Samurai Shortstop

Author: Alan Gratz
Reading Level: 6th – 8th

Pages: 280
Publisher: Dial (Penguin Putnam)
Edition: Hardcover, 2006

Every scene is necessary in this tightly written and thoroughly researched historical novel. The events unfold as the momentum gains and as Toyo’s self-understanding grows – subtly but with such forces that I could not put the book down. The opening scene of detailed Seppuku (suicide by cutting open one’s own stomach) ritual and some of the High School hazing methods are definitely not for the faint of heart. Yet this is not a book about violence, but about honor, loyalty, teamwork, inner strength, and physical strength, as well. All the necessary components of a successful baseball team.

To link the spirit of Bushido (Way of the Warriors) and baseball presents such a fresh look on the American’s National Pasttime that will inspire many young readers to think about the sport they love more deeply and meaningfully. This is an amazing and perfect book!

Note on Cultural Inaccuracies: My suspicion was confirmed by a Japanese friend that since Gratz is not Japanese, nor is he an expert in the Japanese language, some cultural inaccuracies occur in the book. The most glaring problem for me is the use of first names of anyone elder. It simply is not done — not then, and not even now in the 21st century. A son will never call his own father by the first name – no matter HOW much he detest his own father. When calling an upper classman, one will always use honorifics: -san and -sempai attached to either the first or last names; and when the younger students are addressed, the older ones might use -kun. These can be easily researched — even a simple google search or any entry level Japanese language text book can reveal the correct usage of these honorifics. Since it IS still an integral part of the Japanese culture, the ignoring of such practice shows a certain mentality from the author and the publisher. What a shame!


Filed under Book Notes

4 responses to “Samurai Shortstop

  1. William

    You'll have to hear Junko's comments about the cultural problems with this book. Plot is a grabber, but she has strong reservations because of the 'exoticizing' and several inaccuracies culturally.


  2. fairrosa

    I will find out soon and post the issues here. I'm not sure about the exorticizing points since I found that the book reads similarly in tone and characters and their actions to those found in Japanese Manga stories — the tenacity of the main character, the extreme training methods, the acceptance of harsh punishment, etc. However, I was wondering the whole time if there are cultural inaccuracies that will make this perfectly told story less recommendable!


  3. Monica Edinger

    Sigh, this was my fear too. I thought the book was excellent, but wasn't in a position to know what was what.
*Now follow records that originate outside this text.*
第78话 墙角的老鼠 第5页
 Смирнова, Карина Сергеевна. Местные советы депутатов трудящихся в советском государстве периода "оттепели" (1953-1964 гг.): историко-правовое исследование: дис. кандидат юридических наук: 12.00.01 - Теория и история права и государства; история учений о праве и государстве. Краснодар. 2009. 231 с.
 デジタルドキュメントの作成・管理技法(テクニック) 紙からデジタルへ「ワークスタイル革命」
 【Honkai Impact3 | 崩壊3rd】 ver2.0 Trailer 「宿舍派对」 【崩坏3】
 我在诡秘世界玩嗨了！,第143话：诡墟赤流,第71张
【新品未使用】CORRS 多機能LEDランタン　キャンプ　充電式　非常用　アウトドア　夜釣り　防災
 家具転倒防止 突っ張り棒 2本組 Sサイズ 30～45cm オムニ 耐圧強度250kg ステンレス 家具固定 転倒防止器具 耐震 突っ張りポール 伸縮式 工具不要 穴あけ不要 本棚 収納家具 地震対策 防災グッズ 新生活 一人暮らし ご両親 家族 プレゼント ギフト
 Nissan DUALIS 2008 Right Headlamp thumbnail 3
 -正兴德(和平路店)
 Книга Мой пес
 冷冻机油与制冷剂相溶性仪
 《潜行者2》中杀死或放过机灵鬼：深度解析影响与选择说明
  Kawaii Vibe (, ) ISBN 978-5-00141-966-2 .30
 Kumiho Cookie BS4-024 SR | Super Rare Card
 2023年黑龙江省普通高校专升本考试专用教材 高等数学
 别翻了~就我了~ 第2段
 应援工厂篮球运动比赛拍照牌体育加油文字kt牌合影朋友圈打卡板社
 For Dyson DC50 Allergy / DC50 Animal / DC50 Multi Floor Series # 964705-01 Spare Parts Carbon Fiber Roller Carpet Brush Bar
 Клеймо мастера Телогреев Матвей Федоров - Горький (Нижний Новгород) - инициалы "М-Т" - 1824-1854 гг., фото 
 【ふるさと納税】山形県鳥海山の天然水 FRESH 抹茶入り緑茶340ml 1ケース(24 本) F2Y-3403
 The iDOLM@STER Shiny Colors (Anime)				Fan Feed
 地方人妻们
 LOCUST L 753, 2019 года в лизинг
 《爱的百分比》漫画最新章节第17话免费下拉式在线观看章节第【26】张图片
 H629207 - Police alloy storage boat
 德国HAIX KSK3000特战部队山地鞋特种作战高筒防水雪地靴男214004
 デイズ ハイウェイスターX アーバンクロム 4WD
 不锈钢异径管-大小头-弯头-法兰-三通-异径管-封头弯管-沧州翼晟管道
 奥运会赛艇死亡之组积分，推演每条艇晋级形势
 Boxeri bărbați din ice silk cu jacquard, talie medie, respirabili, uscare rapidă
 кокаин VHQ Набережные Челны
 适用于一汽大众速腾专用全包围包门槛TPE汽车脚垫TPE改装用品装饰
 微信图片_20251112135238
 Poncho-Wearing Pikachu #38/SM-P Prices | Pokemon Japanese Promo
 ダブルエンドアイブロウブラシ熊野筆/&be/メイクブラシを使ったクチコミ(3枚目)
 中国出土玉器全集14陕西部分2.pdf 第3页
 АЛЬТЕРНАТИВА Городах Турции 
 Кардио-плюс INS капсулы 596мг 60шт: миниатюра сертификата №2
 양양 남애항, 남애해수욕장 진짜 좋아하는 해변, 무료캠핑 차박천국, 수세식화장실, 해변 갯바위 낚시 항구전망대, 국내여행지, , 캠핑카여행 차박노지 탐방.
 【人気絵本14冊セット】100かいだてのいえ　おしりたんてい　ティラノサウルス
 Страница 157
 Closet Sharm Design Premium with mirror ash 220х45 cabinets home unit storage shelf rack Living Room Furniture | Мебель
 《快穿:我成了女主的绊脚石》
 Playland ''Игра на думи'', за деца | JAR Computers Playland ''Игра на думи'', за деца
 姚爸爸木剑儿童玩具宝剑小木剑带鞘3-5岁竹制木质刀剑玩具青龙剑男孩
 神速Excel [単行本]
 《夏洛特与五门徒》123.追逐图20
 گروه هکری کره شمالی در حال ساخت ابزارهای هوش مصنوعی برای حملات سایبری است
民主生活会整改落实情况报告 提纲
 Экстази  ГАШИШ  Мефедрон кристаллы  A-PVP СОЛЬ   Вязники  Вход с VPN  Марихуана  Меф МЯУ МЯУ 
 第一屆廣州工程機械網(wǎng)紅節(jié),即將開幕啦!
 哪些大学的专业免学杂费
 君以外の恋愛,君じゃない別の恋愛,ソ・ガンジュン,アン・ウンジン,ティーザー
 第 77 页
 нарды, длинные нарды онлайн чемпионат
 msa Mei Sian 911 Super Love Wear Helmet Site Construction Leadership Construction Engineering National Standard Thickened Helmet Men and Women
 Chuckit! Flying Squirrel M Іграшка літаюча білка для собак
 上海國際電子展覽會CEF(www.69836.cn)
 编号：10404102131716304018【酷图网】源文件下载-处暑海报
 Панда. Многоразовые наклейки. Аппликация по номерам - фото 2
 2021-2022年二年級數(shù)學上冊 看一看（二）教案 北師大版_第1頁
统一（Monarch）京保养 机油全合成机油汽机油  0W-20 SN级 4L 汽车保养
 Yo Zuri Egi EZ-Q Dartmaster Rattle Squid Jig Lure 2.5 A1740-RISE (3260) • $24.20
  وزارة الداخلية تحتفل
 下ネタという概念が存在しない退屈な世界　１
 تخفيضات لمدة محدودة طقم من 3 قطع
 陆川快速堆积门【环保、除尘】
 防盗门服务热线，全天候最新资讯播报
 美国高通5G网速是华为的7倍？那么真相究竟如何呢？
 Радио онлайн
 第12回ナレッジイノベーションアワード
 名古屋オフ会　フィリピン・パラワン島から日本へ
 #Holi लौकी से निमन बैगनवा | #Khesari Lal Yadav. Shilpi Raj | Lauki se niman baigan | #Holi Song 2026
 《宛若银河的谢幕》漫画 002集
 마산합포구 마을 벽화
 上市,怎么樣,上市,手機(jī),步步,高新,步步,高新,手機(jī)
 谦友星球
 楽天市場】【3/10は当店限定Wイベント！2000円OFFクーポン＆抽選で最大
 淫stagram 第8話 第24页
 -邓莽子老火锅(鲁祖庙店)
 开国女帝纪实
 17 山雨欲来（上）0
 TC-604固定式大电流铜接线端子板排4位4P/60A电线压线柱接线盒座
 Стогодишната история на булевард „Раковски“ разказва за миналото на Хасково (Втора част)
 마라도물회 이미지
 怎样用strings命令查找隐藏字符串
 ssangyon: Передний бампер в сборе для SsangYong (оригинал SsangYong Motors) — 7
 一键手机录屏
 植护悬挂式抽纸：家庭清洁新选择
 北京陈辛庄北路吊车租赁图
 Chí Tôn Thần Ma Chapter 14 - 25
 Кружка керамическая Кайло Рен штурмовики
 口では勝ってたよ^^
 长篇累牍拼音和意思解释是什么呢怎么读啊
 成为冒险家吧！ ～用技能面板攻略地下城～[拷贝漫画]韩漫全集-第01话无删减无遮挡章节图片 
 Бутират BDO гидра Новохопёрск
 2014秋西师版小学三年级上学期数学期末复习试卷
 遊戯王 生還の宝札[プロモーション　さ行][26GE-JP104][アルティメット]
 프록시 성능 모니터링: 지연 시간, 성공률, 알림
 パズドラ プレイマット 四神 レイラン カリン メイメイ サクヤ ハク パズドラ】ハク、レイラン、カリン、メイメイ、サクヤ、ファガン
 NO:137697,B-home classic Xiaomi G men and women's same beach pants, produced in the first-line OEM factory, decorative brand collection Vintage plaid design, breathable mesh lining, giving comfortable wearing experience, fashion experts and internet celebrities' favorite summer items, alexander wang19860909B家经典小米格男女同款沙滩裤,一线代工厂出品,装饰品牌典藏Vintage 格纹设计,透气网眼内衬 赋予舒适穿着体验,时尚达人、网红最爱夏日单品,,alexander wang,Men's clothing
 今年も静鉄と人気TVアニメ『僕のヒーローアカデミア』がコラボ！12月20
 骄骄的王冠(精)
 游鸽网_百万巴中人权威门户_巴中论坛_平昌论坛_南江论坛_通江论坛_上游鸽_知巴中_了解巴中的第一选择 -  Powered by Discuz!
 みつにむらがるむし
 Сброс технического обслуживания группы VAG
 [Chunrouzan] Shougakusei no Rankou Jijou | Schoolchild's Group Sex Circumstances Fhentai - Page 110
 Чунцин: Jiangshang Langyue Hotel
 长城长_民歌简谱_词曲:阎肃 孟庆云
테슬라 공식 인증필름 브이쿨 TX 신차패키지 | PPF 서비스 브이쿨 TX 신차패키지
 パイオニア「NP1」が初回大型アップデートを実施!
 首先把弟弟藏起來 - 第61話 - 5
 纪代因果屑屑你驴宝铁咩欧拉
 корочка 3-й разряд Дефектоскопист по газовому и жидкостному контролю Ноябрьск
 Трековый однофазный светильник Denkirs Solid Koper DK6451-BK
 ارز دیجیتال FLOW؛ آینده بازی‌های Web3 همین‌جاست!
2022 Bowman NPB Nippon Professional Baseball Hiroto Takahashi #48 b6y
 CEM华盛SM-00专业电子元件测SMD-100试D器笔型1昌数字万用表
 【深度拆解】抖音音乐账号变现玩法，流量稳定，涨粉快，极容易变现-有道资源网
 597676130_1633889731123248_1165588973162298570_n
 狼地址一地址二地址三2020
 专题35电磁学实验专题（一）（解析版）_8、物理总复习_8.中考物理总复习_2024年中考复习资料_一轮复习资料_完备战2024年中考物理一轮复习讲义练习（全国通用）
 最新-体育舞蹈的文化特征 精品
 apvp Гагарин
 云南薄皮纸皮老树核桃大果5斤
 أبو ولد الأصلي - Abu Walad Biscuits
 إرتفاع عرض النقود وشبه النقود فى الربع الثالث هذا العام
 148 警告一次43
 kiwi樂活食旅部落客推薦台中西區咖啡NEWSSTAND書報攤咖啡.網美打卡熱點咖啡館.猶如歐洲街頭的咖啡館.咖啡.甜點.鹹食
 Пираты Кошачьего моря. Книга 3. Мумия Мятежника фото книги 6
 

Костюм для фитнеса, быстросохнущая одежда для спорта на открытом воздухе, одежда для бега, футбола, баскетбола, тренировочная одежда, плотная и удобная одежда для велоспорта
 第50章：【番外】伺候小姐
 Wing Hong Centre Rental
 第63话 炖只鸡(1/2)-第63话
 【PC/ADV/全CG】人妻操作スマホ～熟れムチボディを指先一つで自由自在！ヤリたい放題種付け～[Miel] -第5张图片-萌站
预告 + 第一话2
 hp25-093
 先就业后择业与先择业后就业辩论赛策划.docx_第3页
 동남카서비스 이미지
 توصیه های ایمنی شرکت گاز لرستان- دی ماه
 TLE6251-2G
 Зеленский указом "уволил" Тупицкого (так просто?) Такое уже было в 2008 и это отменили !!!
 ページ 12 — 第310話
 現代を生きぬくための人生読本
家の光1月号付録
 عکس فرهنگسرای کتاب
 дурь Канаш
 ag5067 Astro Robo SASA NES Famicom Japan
    The issue of exoticizing is a fascinating one. How to separate what will be strange to a reader unfamiliar with the culture from something that excites him/her in the exotic sense? Especially child readers.


  4. fairrosa

    I am not that concerned with the exoticism in this particular novel as the actual inaccuracies. I think Gratz' decision of maintaining the traits in the characters and situations that differ from the current, 21st century, American children's experiences is based on a noble intention: the respect of a different norm. As I read this story, I was reminded over and over again the personalities in Mangas and animes that are created from the "insiders'" view points. And, boy, are they often different from OUR norm! (By the way, what IS OUR norm?)

    I'm still impressed by the author's craftsmanship.